* [Work to be completed]: The answer should hold only the lines from the one containing "Standard Motor Products" through the one containing "METELLI Vandpumpe Varenummer: 24-1395" in the entries below, copied exactly, without pictures.
(Material for this exercise)
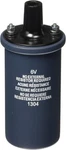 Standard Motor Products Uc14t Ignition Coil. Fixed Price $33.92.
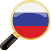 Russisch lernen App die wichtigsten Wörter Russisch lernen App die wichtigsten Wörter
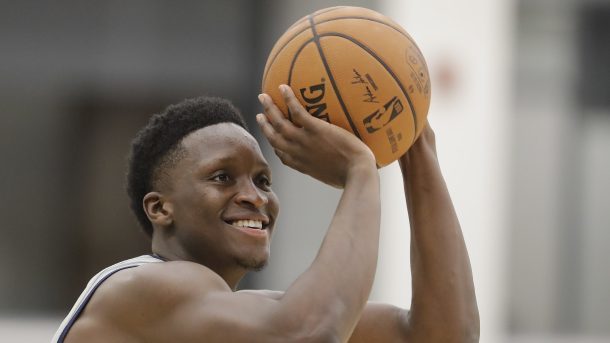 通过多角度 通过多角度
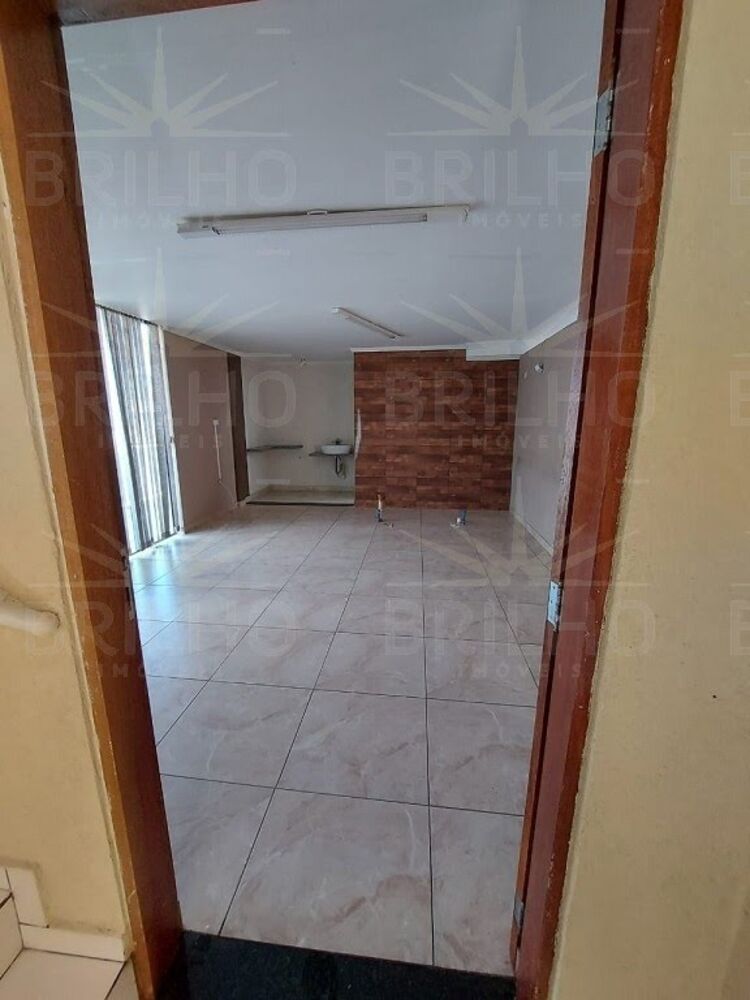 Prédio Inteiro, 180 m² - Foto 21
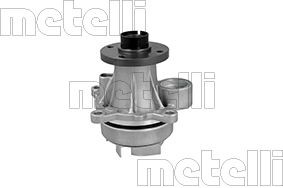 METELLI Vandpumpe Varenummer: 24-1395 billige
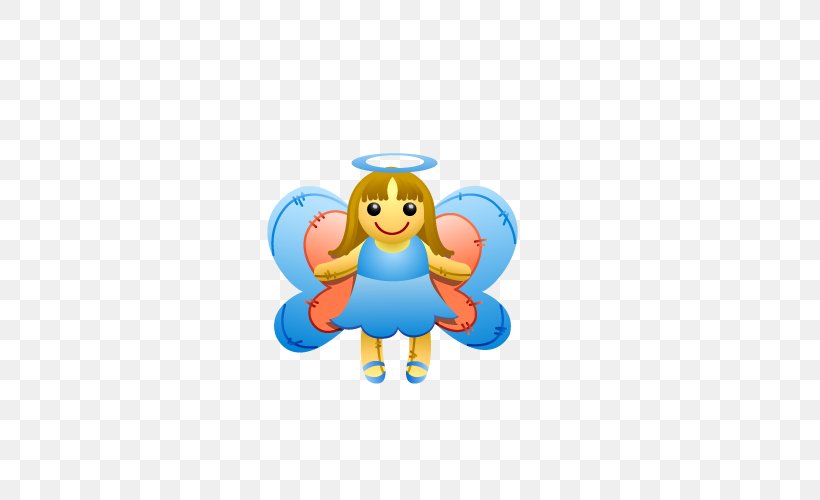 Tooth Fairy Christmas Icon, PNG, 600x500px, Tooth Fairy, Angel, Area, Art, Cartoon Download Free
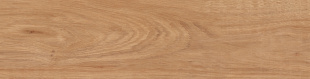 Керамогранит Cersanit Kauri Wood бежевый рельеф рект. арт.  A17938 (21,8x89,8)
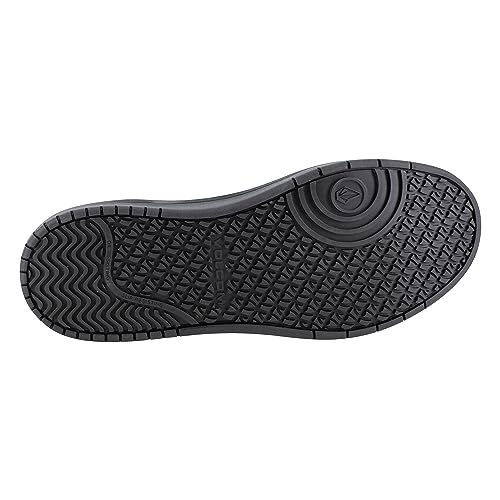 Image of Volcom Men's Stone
(End Material for this exercise)
(Material for this exercise)
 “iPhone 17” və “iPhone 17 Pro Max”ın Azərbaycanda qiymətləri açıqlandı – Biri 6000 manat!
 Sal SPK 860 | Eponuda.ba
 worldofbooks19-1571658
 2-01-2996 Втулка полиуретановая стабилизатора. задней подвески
(End Material for this exercise)
* [Finished exercise]:
 Standard Motor Products Uc14t Ignition Coil. Fixed Price $33.92.
 Russisch lernen App die wichtigsten Wörter Russisch lernen App die wichtigsten Wörter
 通过多角度 通过多角度
 Prédio Inteiro, 180 m² - Foto 21
 METELLI Vandpumpe Varenummer: 24-1395 billige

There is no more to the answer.